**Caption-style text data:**

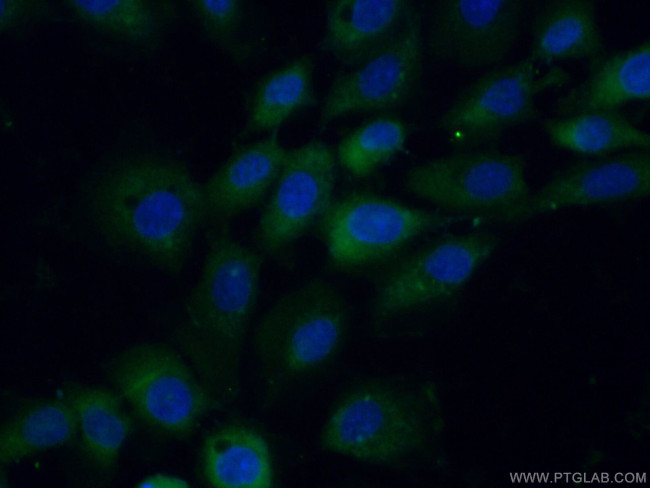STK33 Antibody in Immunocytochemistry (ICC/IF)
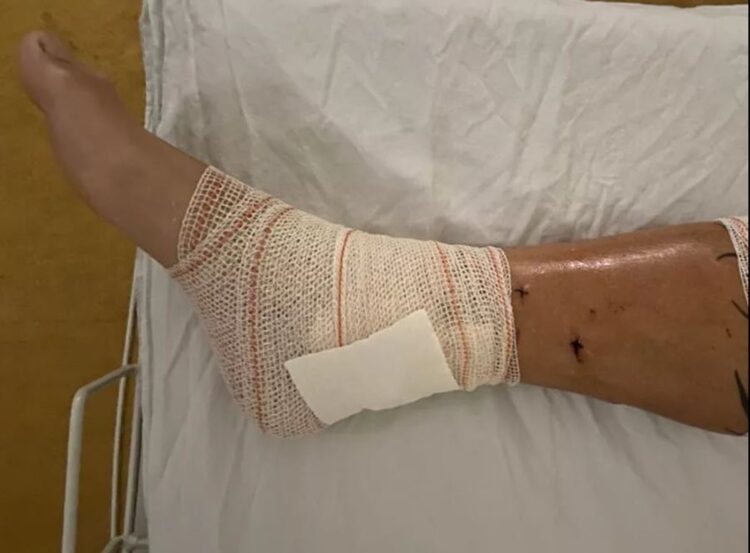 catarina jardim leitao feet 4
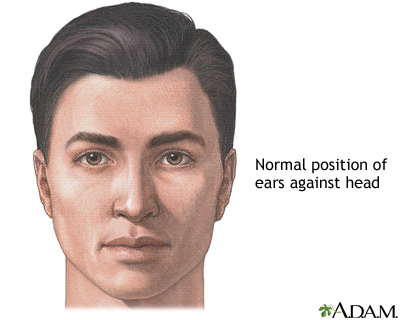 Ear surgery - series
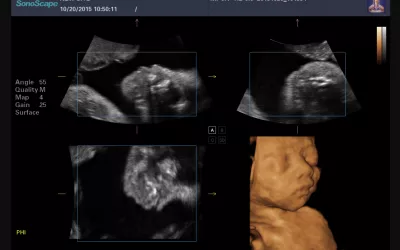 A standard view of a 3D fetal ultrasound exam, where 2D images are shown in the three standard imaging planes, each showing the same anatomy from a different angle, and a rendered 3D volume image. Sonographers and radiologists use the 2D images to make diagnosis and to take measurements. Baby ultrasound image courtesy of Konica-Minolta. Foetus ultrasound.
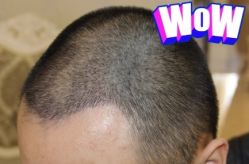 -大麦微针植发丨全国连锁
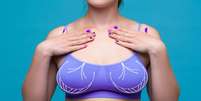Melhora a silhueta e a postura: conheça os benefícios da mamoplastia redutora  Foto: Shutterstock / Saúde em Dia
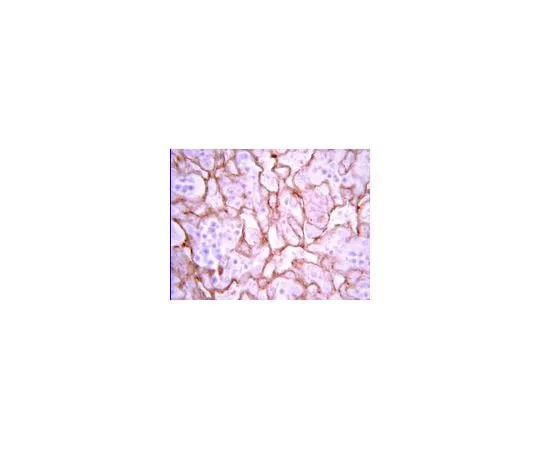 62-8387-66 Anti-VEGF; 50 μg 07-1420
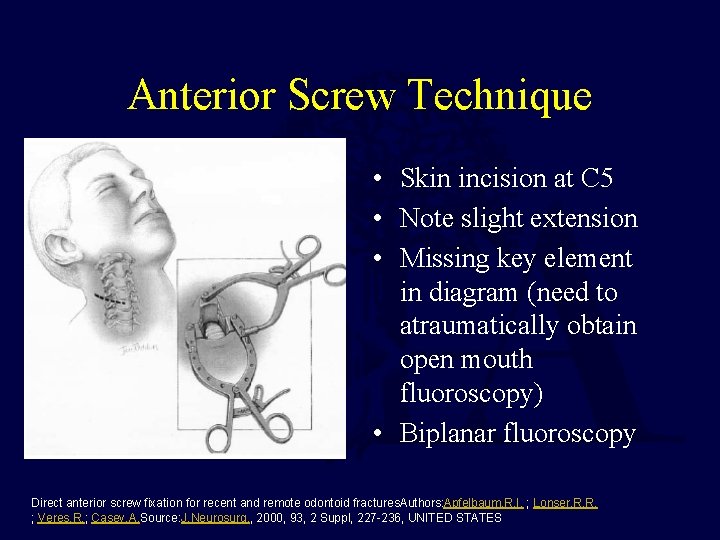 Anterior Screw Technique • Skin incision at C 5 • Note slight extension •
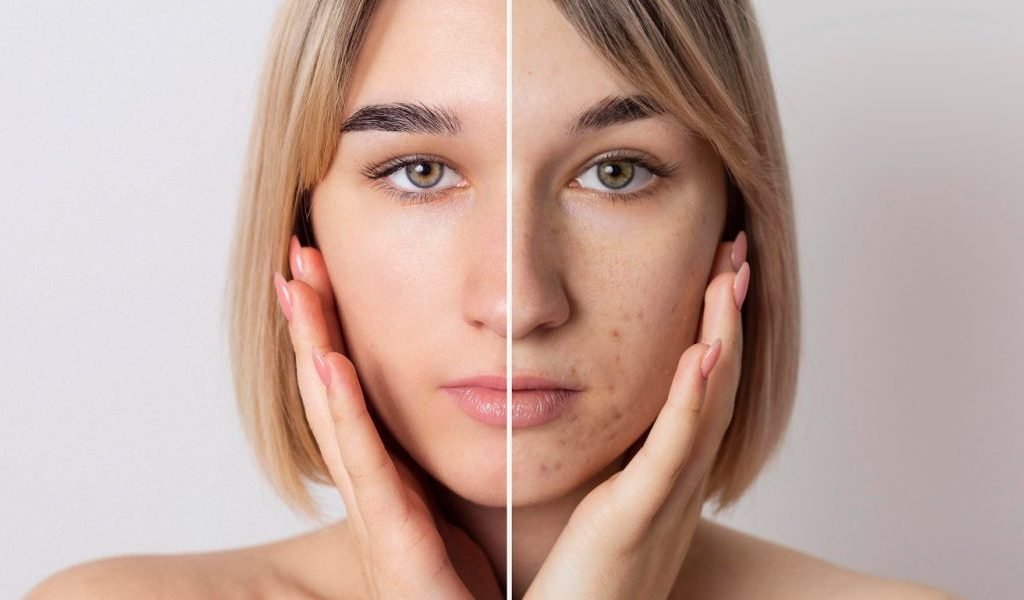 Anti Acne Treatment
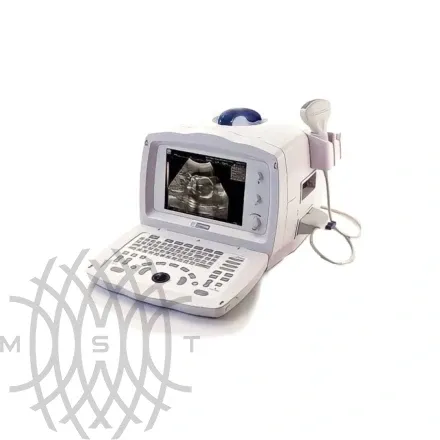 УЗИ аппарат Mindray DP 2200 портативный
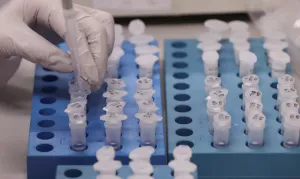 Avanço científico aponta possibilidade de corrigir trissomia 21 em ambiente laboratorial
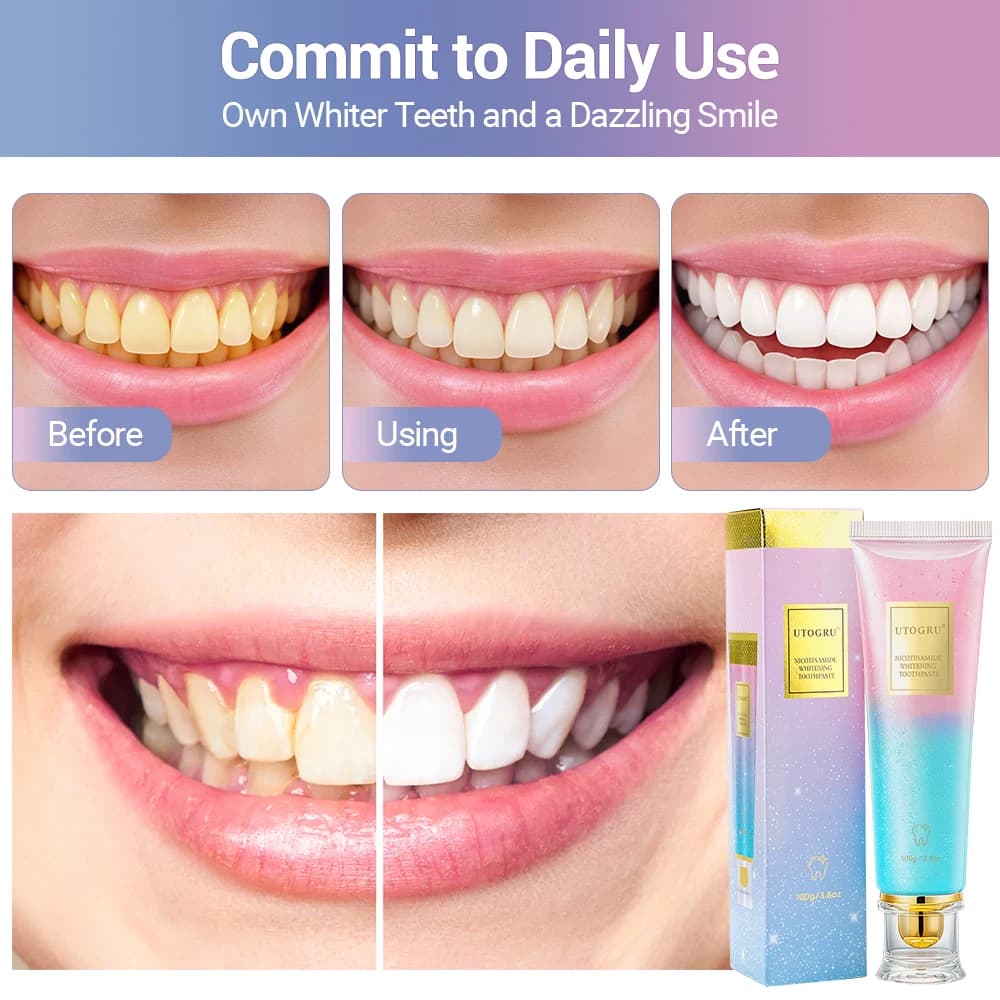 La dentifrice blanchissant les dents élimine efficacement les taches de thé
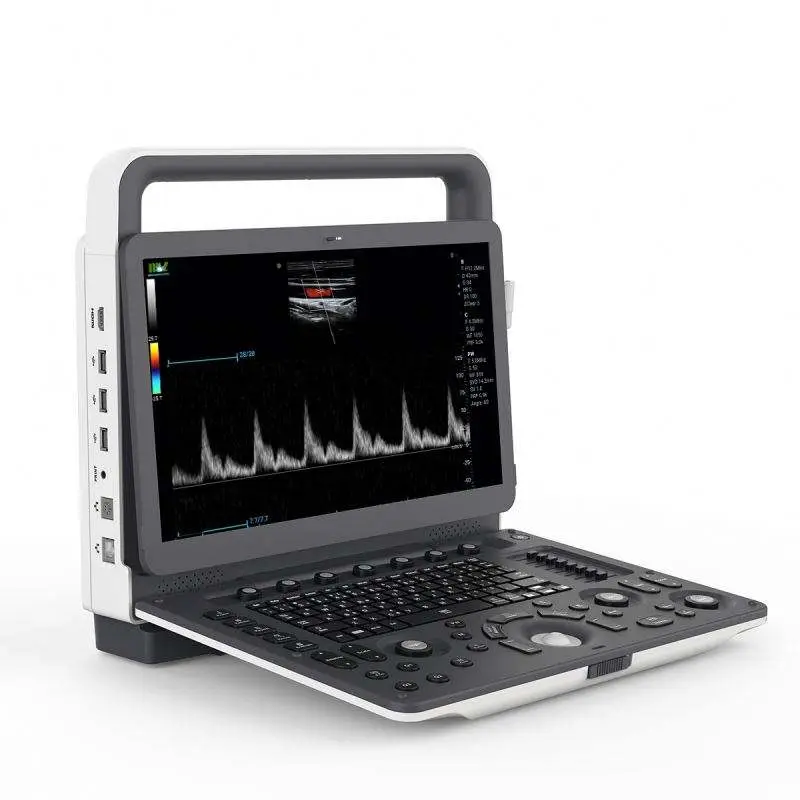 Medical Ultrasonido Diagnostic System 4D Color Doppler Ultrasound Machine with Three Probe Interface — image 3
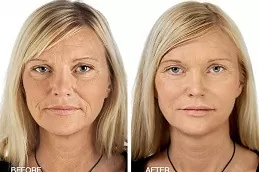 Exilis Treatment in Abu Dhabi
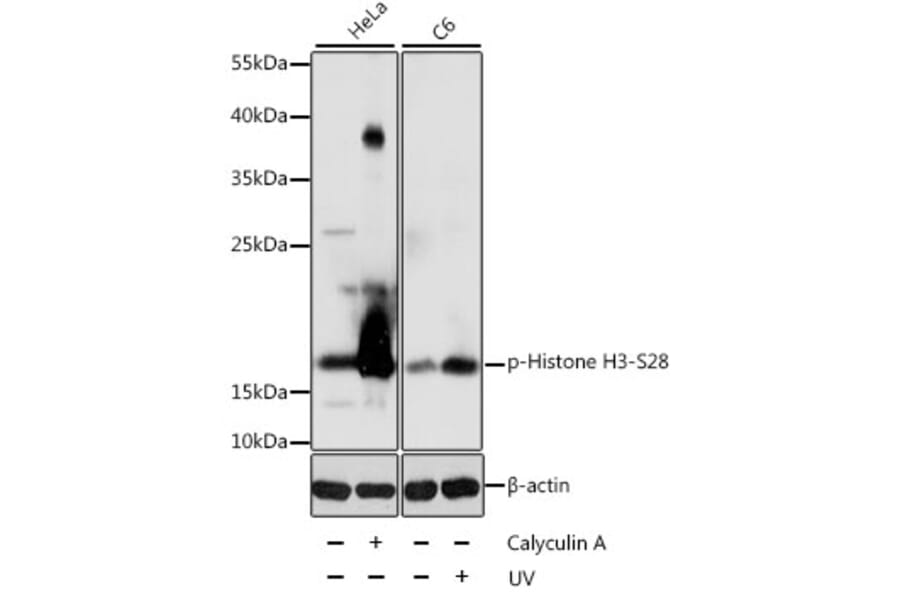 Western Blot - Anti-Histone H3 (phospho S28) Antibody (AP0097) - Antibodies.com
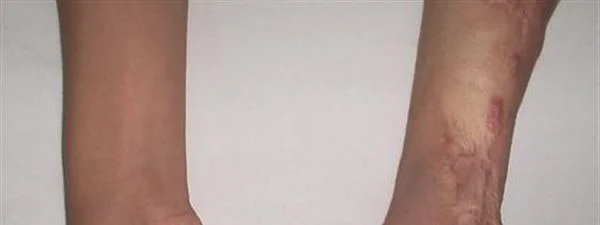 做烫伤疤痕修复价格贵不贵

**Exercise brief:** After dropping every picture, transcribe each entry exactly.

**Written reply:**
STK33 Antibody in Immunocytochemistry (ICC/IF)
 catarina jardim leitao feet 4
 Ear surgery - series
 A standard view of a 3D fetal ultrasound exam, where 2D images are shown in the three standard imaging planes, each showing the same anatomy from a different angle, and a rendered 3D volume image. Sonographers and radiologists use the 2D images to make diagnosis and to take measurements. Baby ultrasound image courtesy of Konica-Minolta. Foetus ultrasound.
 -大麦微针植发丨全国连锁
Melhora a silhueta e a postura: conheça os benefícios da mamoplastia redutora  Foto: Shutterstock / Saúde em Dia
 62-8387-66 Anti-VEGF; 50 μg 07-1420
 Anterior Screw Technique • Skin incision at C 5 • Note slight extension •
 Anti Acne Treatment
 УЗИ аппарат Mindray DP 2200 портативный
 Avanço científico aponta possibilidade de corrigir trissomia 21 em ambiente laboratorial
 La dentifrice blanchissant les dents élimine efficacement les taches de thé
 Medical Ultrasonido Diagnostic System 4D Color Doppler Ultrasound Machine with Three Probe Interface — image 3
 Exilis Treatment in Abu Dhabi
 Western Blot - Anti-Histone H3 (phospho S28) Antibody (AP0097) - Antibodies.com
 做烫伤疤痕修复价格贵不贵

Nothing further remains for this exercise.